Phils to give Robinson's breakthrough its due

April 09, 2007|By Sam Carchidi, Inquirer Staff Writer

When it came to integration in the 1940s and 1950s, the Phillies were cellar-dwellers - the last of the National League's eight teams to use a black player.

Now, they're seemingly trying to make up for lost time.

Not only is the team planning an extensive celebration of the 60th anniversary of Jackie Robinson's breaking Major League Baseball's color barrier, the team continues its efforts to cultivate the game's popularity among African Americans in order to increase the fan base and lure talented black athletes back to the national pastime.

For this is an era when some major-league teams find their rosters all but devoid of African American players. The Phillies? The team almost has an embarrassment of riches, counting 2006 National League MVP Ryan Howard, all-star shortstop Jimmy Rollins, and reliever Tom Gordon among its front-line players.
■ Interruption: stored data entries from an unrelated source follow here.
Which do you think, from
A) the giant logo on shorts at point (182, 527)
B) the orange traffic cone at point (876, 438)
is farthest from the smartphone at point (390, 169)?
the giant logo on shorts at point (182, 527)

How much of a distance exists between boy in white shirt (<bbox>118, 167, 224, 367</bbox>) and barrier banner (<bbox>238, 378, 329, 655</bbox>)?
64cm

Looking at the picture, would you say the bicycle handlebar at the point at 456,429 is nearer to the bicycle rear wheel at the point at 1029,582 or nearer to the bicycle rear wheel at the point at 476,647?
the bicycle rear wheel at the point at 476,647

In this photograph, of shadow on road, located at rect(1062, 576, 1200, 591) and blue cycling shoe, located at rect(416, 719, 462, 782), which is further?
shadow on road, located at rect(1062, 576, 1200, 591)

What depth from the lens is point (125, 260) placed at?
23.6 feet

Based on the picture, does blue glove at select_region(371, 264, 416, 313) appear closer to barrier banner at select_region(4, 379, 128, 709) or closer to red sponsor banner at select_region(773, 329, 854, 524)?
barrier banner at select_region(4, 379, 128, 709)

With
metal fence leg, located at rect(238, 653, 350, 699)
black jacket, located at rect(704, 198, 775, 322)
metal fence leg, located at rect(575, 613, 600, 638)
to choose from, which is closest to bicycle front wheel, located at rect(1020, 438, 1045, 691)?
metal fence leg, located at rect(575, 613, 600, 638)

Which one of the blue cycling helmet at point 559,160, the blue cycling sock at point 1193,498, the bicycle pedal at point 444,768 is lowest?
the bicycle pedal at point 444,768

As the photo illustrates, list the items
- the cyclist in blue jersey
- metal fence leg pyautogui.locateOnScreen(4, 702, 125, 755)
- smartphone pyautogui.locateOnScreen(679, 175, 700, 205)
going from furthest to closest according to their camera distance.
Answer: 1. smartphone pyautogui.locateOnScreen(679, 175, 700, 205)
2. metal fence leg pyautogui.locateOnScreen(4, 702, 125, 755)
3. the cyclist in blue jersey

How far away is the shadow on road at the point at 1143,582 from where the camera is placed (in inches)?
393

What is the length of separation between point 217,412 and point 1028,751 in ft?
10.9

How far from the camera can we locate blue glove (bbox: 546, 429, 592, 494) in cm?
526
All three are marketed by the team. And Howard and Rollins, both homegrown products, are integral parts of the team's vaunted youthful lineup.

Off the field, the Phils boast one of the game's marquee urban youth programs, last year sponsoring more than 7,500 children throughout the Philadelphia area in Reviving Baseball in the Inner Cities (RBI) leagues.

When the Phillies' branch of baseball's RBI initiative started in 1989, just 200 children participated in what was then a lone neighborhood Puerto Rican Rookie League.

On Sunday, RBI participants will help the Phillies mark the April 15, 1947, debut of Robinson before an afternoon game against the Houston Astros at Citizens Bank Park.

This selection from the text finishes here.